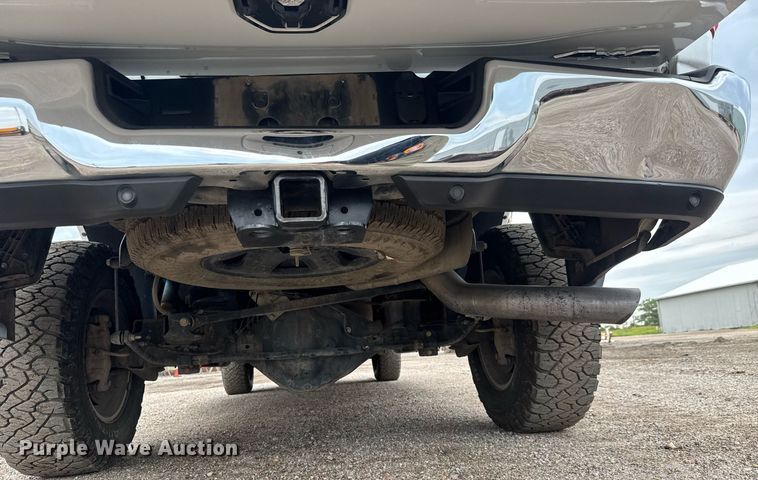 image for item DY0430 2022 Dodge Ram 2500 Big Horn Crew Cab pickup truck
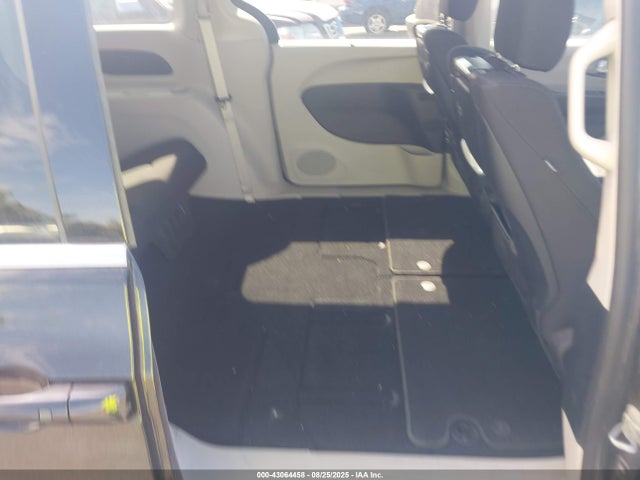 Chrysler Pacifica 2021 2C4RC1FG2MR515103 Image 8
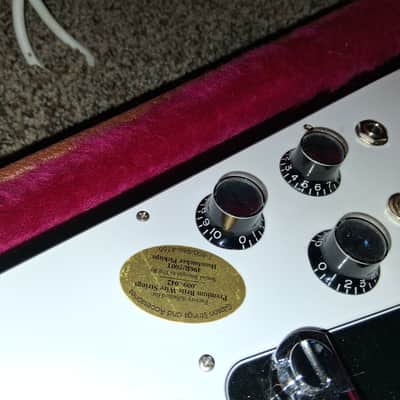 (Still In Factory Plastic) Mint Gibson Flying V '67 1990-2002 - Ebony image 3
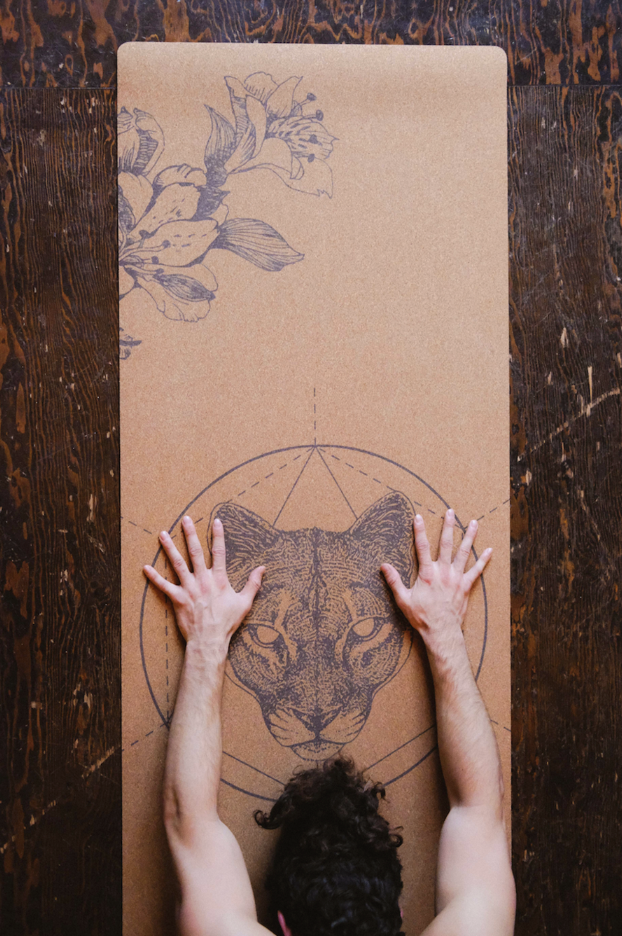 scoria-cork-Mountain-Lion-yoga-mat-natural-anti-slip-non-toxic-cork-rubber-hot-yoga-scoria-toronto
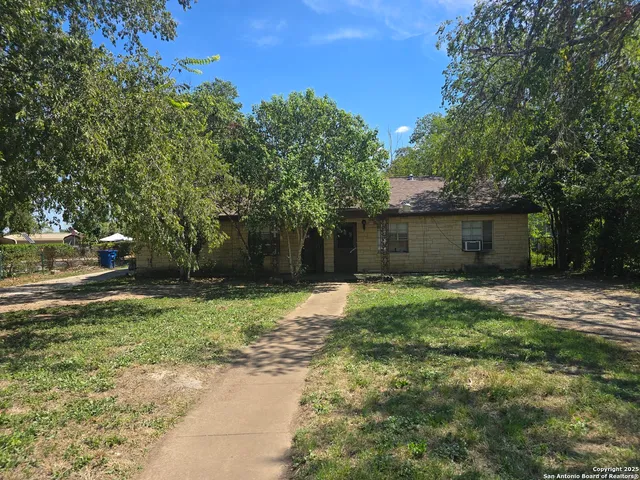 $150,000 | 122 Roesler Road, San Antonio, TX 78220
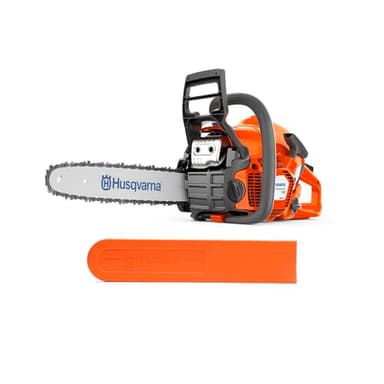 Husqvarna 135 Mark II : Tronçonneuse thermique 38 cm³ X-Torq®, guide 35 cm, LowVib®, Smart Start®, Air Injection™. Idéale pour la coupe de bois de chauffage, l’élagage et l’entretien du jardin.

--- --- ---

**ASSIGNMENT:** Retype each line of the listing above word for word. Exclude the pictures.

**TASK RESULT:**
 image for item DY0430 2022 Dodge Ram 2500 Big Horn Crew Cab pickup truck
 Chrysler Pacifica 2021 2C4RC1FG2MR515103 Image 8
 (Still In Factory Plastic) Mint Gibson Flying V '67 1990-2002 - Ebony image 3
 scoria-cork-Mountain-Lion-yoga-mat-natural-anti-slip-non-toxic-cork-rubber-hot-yoga-scoria-toronto
 $150,000 | 122 Roesler Road, San Antonio, TX 78220
 Husqvarna 135 Mark II : Tronçonneuse thermique 38 cm³ X-Torq®, guide 35 cm, LowVib®, Smart Start®, Air Injection™. Idéale pour la coupe de bois de chauffage, l’élagage et l’entretien du jardin.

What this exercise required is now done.